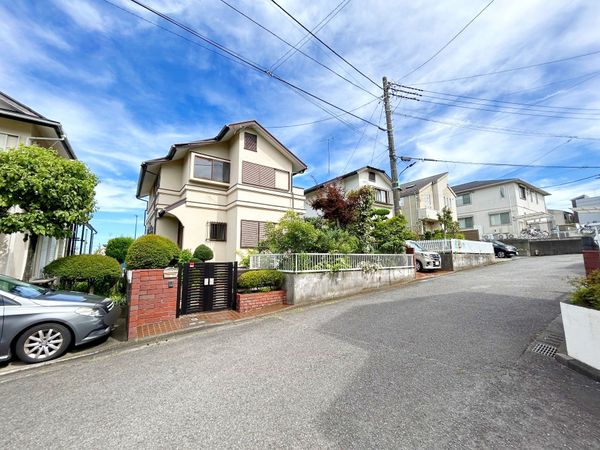 本町田 土地 土地写真 本町田 土地 土地写真
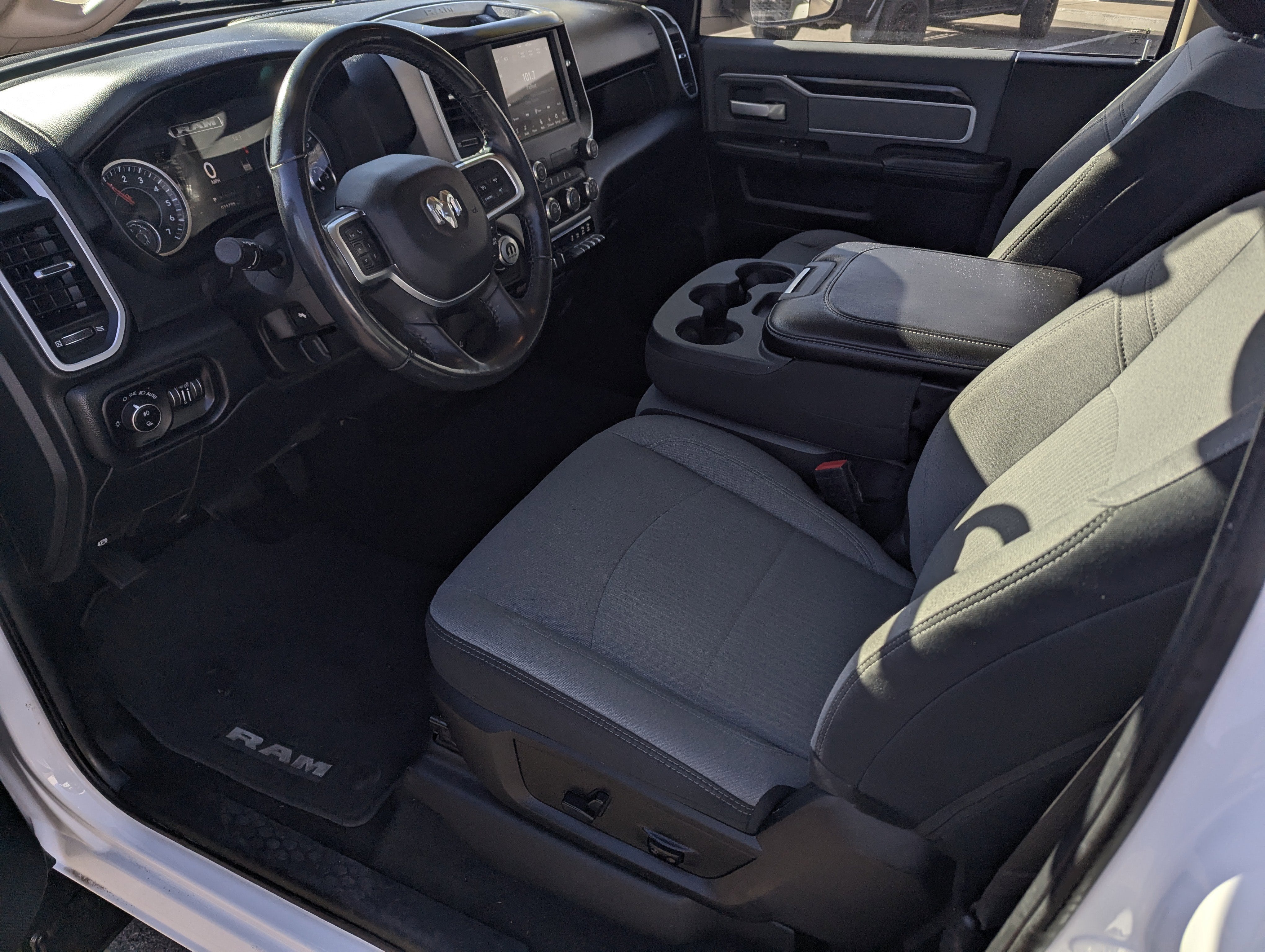 2020 RAM 2500 Big Horn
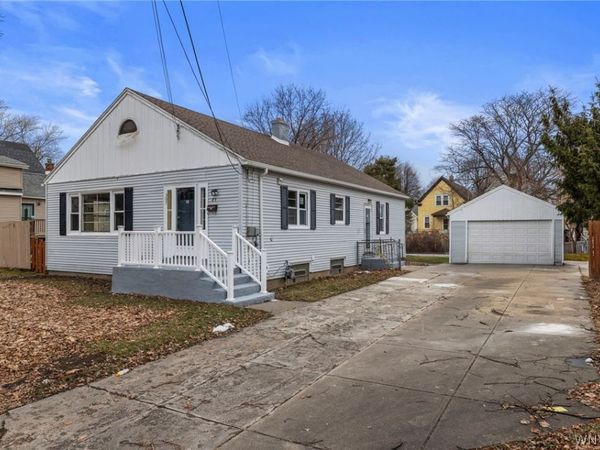 307 Benzinger Street , Buffalo, NY 14206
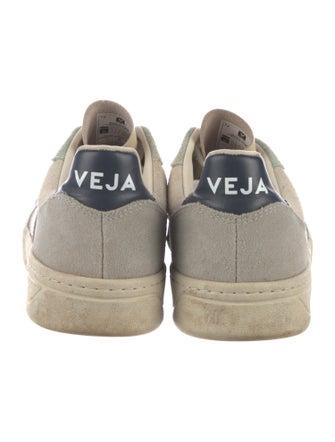 Veja Suede Sneakers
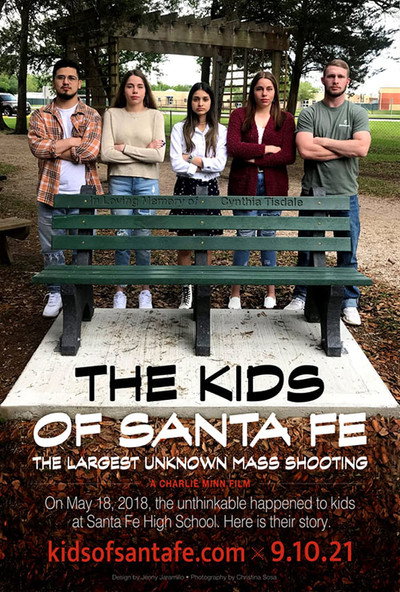 Póster de The Kids of Santa Fe: The Largest Unknown Mass Shooting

━━━━

Print exactly, and print only, the lines from the line with "307 Benzinger Street , Buffalo, NY 14206" through the last line of the entries, both ends included. No pictures belong in the result.

 307 Benzinger Street , Buffalo, NY 14206
 Veja Suede Sneakers
 Póster de The Kids of Santa Fe: The Largest Unknown Mass Shooting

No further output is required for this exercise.